Directions for this task. A faithful copy of all the data is the goal; omit the pictures.

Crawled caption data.
=======

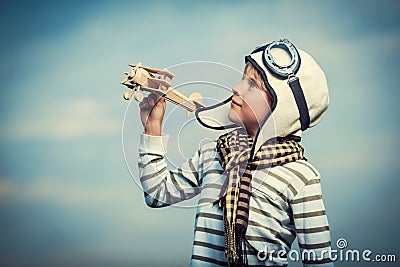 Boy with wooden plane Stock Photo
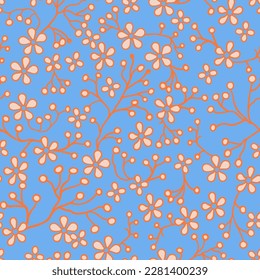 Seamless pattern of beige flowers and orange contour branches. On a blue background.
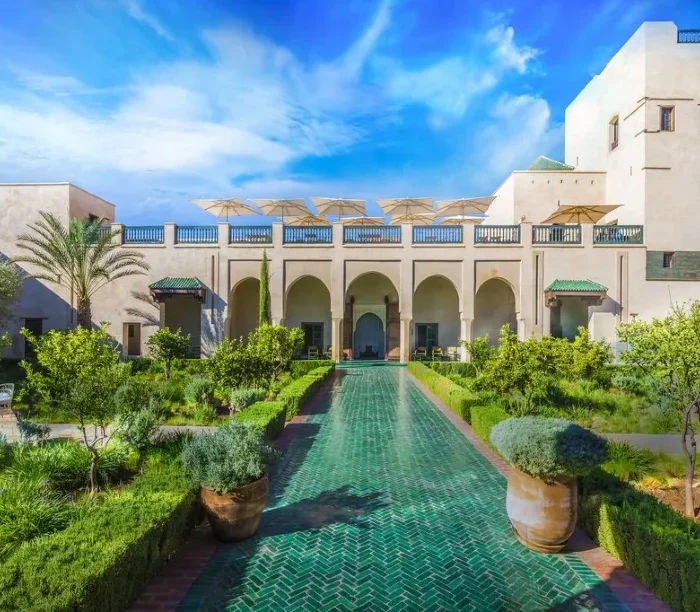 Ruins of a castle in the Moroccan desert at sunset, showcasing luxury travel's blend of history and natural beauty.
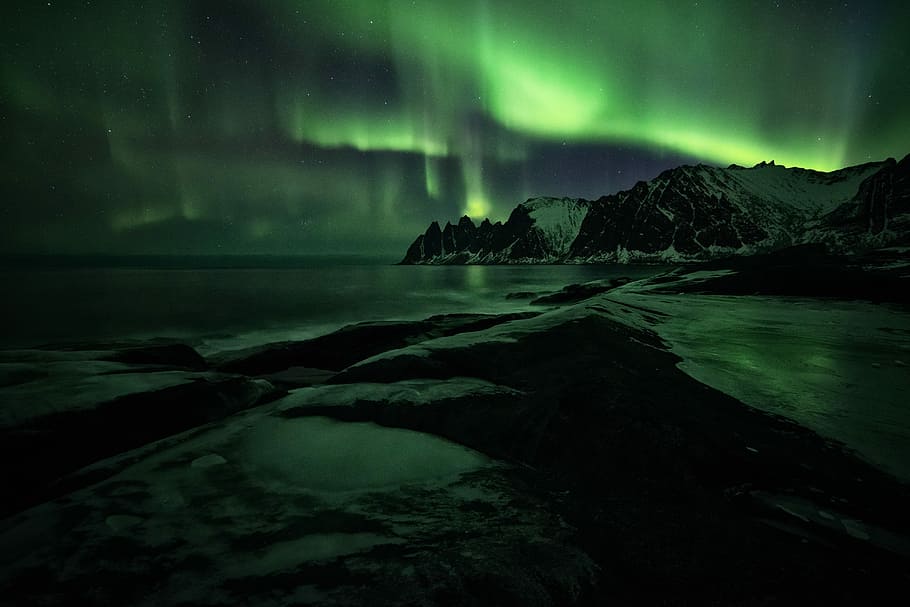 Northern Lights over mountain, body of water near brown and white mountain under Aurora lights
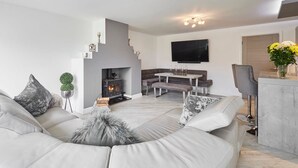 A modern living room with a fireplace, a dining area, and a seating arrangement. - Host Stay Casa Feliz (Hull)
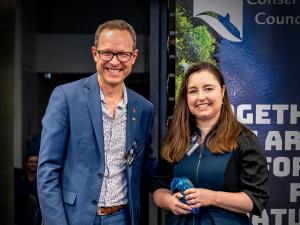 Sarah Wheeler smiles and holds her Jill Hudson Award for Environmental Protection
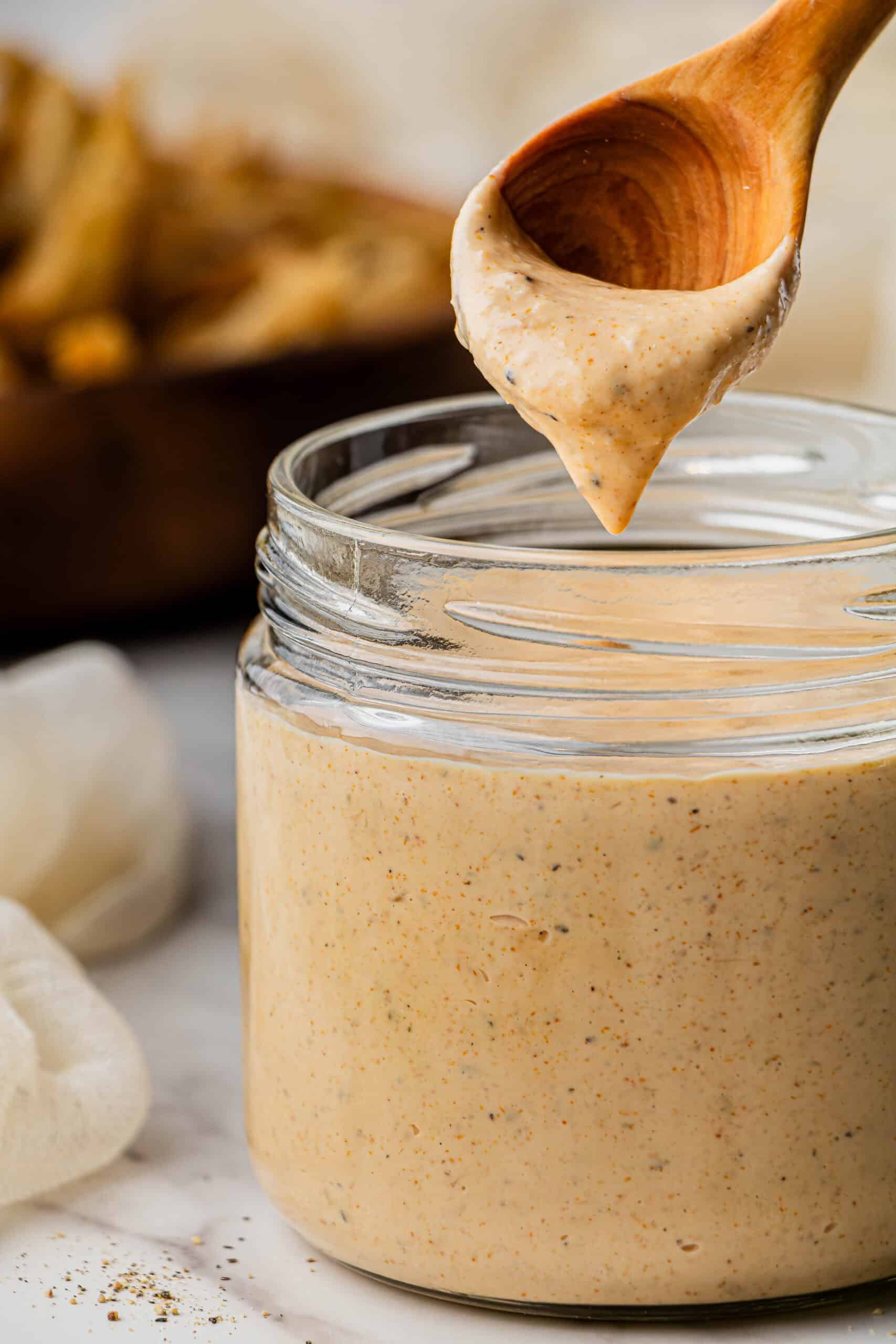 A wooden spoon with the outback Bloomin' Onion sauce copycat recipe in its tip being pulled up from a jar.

=======

Response area.
 Boy with wooden plane Stock Photo
 Seamless pattern of beige flowers and orange contour branches. On a blue background.
 Ruins of a castle in the Moroccan desert at sunset, showcasing luxury travel's blend of history and natural beauty.
 Northern Lights over mountain, body of water near brown and white mountain under Aurora lights
 A modern living room with a fireplace, a dining area, and a seating arrangement. - Host Stay Casa Feliz (Hull)
 Sarah Wheeler smiles and holds her Jill Hudson Award for Environmental Protection
 A wooden spoon with the outback Bloomin' Onion sauce copycat recipe in its tip being pulled up from a jar.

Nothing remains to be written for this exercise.